__ACTIVITY__: Repeat the listing exactly. Do not carry over any pictures.

__AVAILABLE DATA__:
+--

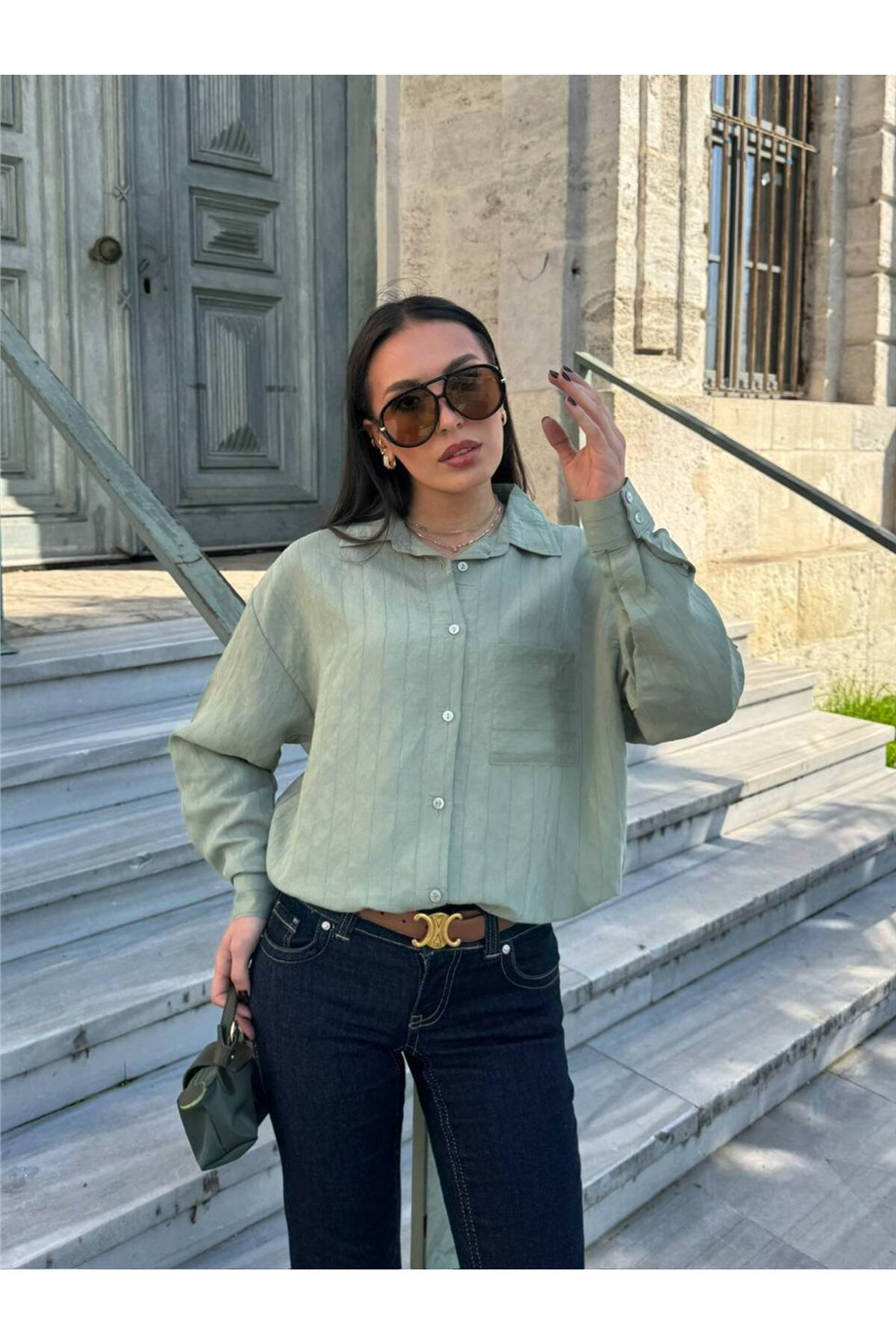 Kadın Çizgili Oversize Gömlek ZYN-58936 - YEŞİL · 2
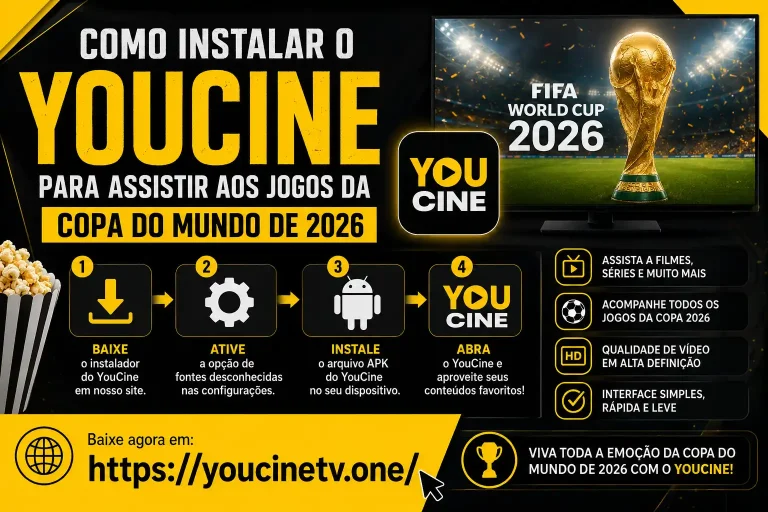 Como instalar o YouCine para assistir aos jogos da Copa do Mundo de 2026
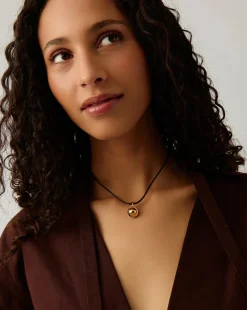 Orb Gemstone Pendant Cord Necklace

+--

__ANSWER BOX__:
 Kadın Çizgili Oversize Gömlek ZYN-58936 - YEŞİL · 2
 Como instalar o YouCine para assistir aos jogos da Copa do Mundo de 2026
 Orb Gemstone Pendant Cord Necklace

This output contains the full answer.